Katherine Baskin, Arrowhead’s Social Media and Community Manager, writes about the PlayStation Blog Helldivers 2 developers know that “some players are using the team kicking system to harass others.” To counter this, Arrowhead will introduce a feature that, if a player is kicked, will allow them to spawn into a new game session as the host, with “all team loot” from the previous session they were kicked from, including samples.
“All items can now be picked up by the player before they are extracted. The squad that kicked will see a message in the chat widget that a player has been kicked, but their loot remains unchanged,” adds Baskin. “With these changes, all players have the opportunity to walk away with all the loot they picked up on missions, with no Helldiver losing out,” adds the Community and Social Media Manager.

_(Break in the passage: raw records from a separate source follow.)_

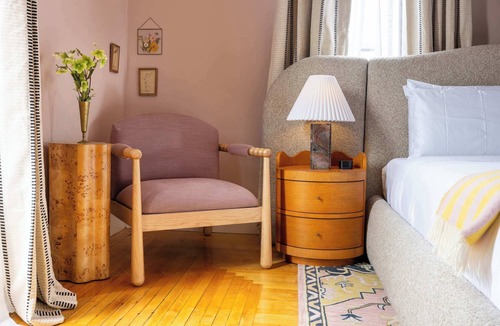 Corey Square Bed & Breakfast | The Dawn Room - Ash Street Inn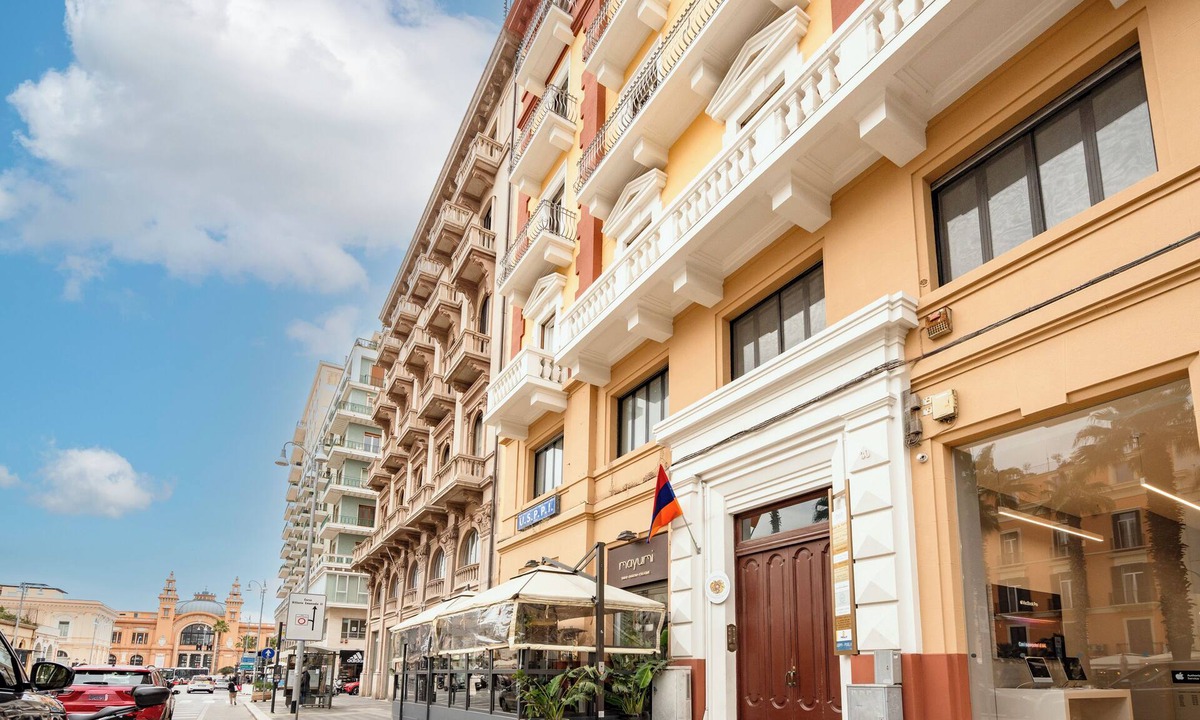 Bari City Centre Apartment | High-End Apartment in Bari Center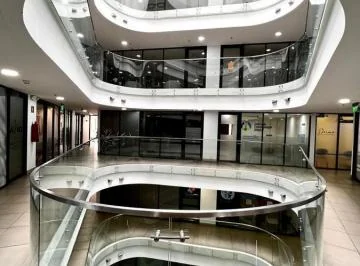 Hospital de Los Valles, Consultorio, Vista, Parqueo Privado — imagen 2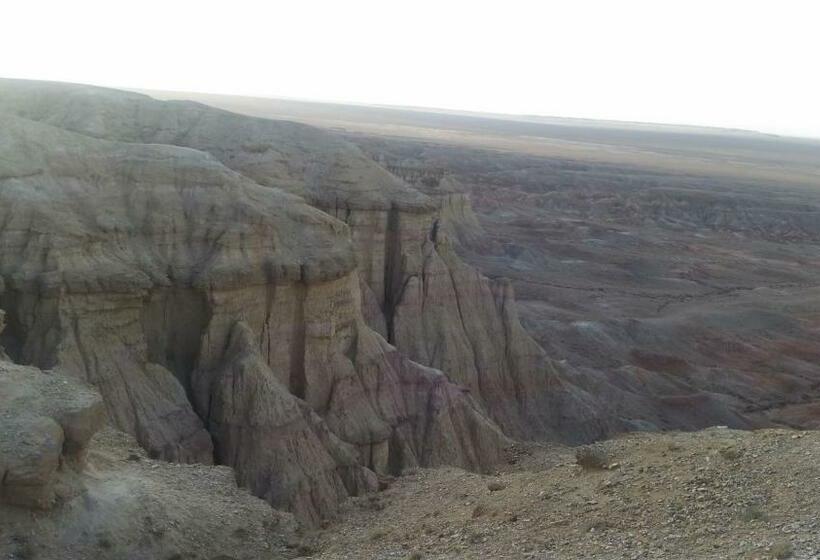 پانسیون City Guesthouse & Tours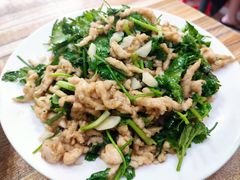芫爆鸡丝-老七饭馆(光荣道总店)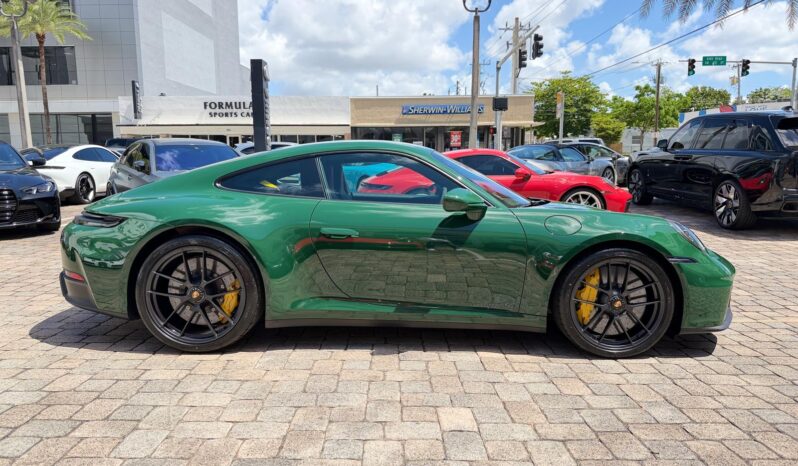 2026 Porsche 911 Carrera GTS full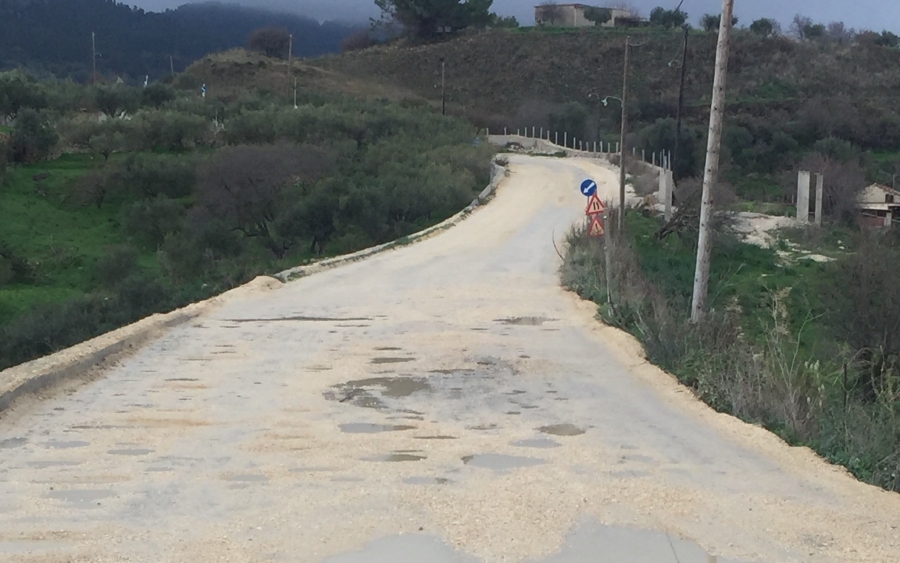 Το γεφύρι της Άρτας των Κουρουπάτων... Το ξαναθυμήθηκαν (Ανανεωμένο - απάντηση Κατσιβέλη)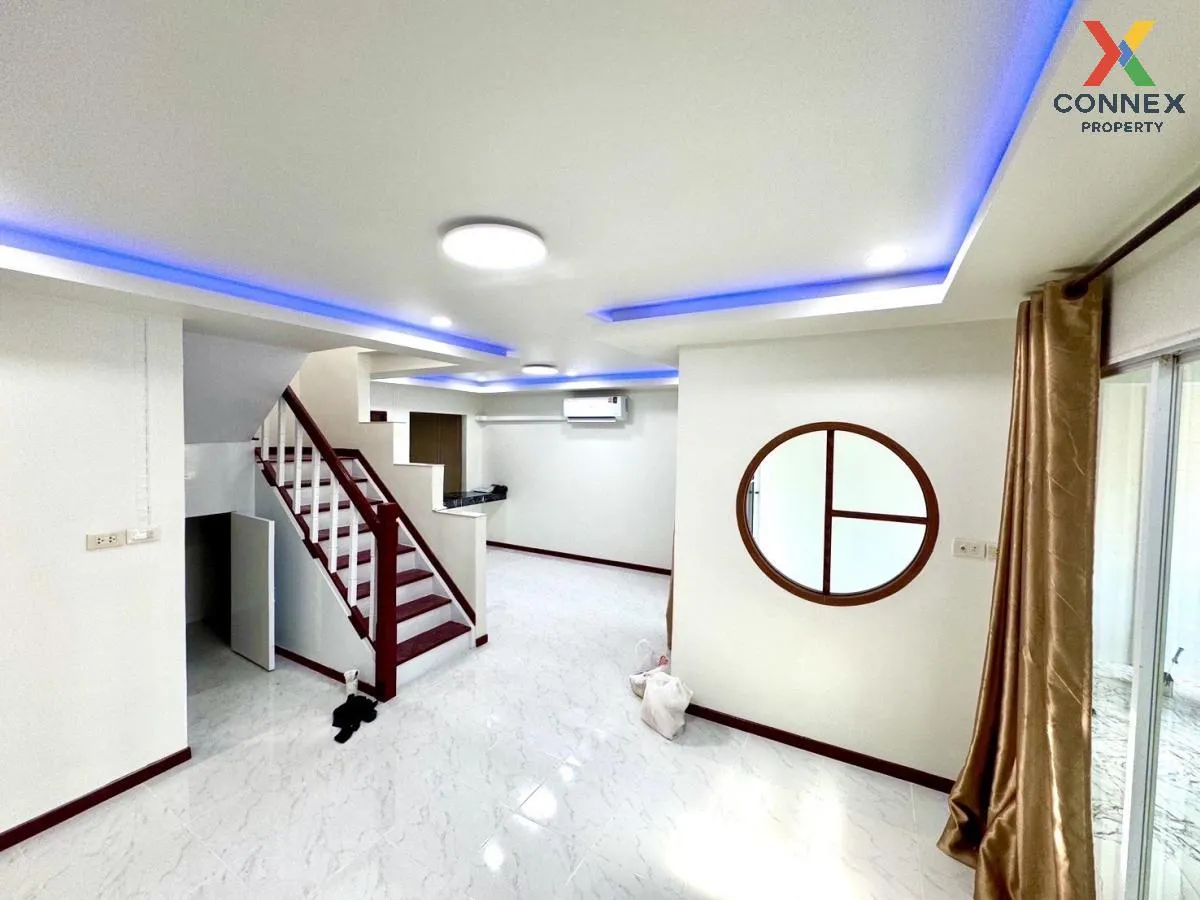 For Sale Townhouse/Townhome  , Baan Pisan Bang Kadi 2 , newly ren For Sale Townhouse/Townhome  , Baan Pisan Bang Kadi 2 , newly ren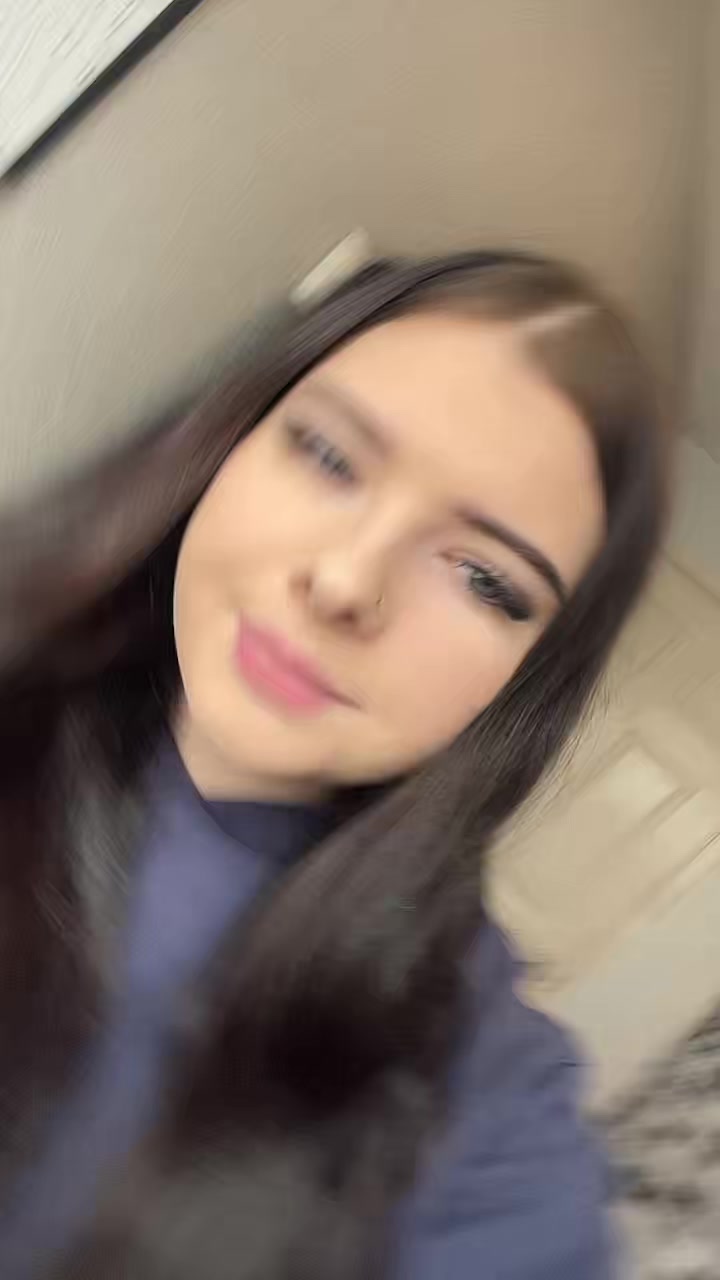 @𝒮 𝒸 𝒶 𝓇 𝓁 ℯ 𝓉 𝓉🇬🇧🐊🎸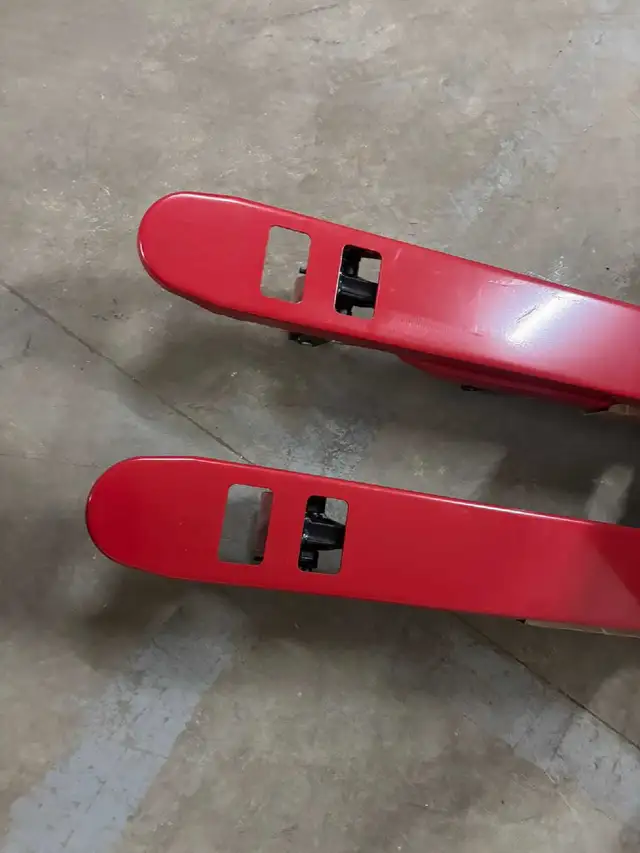 Short narrow pallet jacks, 5500 lbs capacity - Photo 4
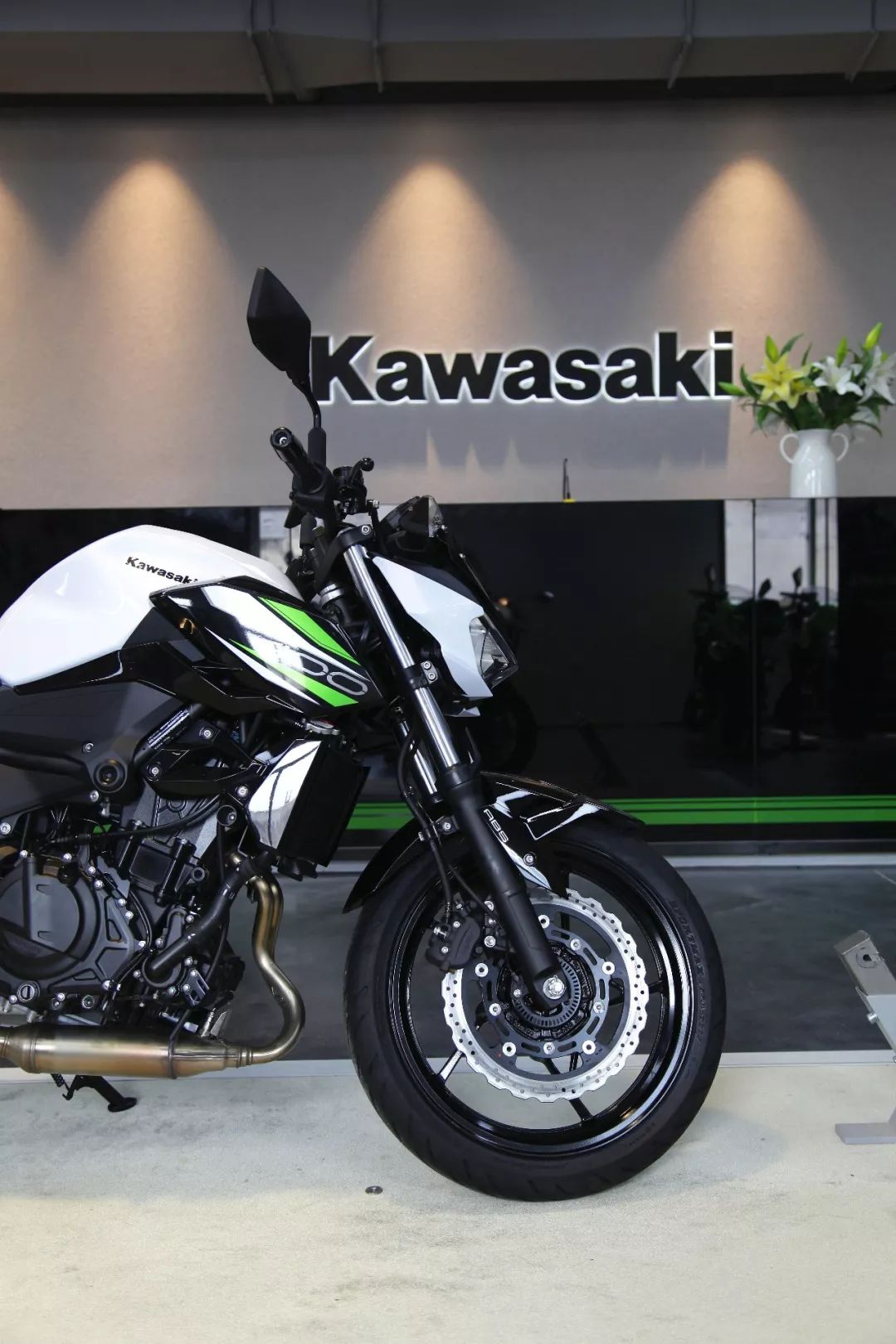 川崎西安z400实车到店7月13日全国统一交车仪式届时欢迎莅临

The kicking issue first emerged shortly after Helldivers 2 launched earlier this year. If you were playing the shooter’s highest difficulty levels with a group of strangers online, it wasn’t uncommon to find yourself kicked if you weren’t using weapons and stratagems that were designated as meta, like the Breaker shotgun at the time. It’s clearly an issue that Arrowhead considers to be recurring, though most players have calmed down in the face of this harsh and arbitrary requirement.
In late May, a Helldivers 2 community manager reported that Arrowhead was working on a “fix” for players getting kicked by lobby leaders. About two months later, that fix is almost here.
As Helldivers 2’s soldiers are tasked with crushing 1 billion insects, High Command not-so-subtly hints that “Terminid aggression and expansion may increase in response.”